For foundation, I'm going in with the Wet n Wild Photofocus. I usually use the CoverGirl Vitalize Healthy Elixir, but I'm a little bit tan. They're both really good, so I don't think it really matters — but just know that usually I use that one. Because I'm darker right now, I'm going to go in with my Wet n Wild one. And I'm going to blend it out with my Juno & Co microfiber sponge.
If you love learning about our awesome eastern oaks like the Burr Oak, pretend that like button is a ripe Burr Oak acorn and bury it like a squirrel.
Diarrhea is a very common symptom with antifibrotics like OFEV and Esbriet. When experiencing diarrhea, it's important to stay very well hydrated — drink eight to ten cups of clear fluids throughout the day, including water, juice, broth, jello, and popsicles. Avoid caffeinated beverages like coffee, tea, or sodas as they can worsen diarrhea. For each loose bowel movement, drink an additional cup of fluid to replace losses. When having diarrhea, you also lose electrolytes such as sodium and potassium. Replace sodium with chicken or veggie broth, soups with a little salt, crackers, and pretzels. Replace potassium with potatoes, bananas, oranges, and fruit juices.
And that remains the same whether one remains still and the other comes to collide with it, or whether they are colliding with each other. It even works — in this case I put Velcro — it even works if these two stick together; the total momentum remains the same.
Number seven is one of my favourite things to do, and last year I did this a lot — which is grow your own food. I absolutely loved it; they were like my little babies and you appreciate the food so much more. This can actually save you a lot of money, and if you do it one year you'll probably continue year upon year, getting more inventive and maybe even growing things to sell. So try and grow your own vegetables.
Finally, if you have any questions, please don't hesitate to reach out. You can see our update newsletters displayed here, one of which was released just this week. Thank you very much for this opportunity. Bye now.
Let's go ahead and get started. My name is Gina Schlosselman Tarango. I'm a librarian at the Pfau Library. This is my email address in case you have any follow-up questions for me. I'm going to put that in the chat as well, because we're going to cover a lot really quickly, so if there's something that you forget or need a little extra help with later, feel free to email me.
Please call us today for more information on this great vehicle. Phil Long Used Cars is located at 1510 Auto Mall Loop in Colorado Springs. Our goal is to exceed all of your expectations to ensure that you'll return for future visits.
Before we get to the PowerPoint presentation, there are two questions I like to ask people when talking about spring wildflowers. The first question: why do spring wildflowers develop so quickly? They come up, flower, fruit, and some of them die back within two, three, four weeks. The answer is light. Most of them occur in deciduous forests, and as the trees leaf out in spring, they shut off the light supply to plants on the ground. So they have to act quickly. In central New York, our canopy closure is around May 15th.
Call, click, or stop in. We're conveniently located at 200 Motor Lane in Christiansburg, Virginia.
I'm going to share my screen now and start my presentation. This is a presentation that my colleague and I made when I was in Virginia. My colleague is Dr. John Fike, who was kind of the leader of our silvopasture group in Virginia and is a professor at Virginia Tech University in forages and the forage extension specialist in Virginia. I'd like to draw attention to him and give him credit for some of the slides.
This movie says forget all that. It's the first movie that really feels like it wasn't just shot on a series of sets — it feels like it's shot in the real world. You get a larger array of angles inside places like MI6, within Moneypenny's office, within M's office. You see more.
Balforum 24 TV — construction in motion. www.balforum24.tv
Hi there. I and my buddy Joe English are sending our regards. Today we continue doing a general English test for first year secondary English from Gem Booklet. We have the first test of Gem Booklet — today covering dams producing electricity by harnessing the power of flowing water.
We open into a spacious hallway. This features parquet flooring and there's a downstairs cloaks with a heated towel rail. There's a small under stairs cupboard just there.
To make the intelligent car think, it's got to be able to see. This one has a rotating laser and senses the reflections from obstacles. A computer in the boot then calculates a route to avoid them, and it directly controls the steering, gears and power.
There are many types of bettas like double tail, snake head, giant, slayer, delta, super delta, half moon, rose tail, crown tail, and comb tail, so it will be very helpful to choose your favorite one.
################
- _What is expected_
With the line that has "Let's go ahead" as the first and the line that has "Please call us" as the last, repeat exactly that run of lines above and no more.

- _Written reply_
Let's go ahead and get started. My name is Gina Schlosselman Tarango. I'm a librarian at the Pfau Library. This is my email address in case you have any follow-up questions for me. I'm going to put that in the chat as well, because we're going to cover a lot really quickly, so if there's something that you forget or need a little extra help with later, feel free to email me.
Please call us today for more information on this great vehicle. Phil Long Used Cars is located at 1510 Auto Mall Loop in Colorado Springs. Our goal is to exceed all of your expectations to ensure that you'll return for future visits.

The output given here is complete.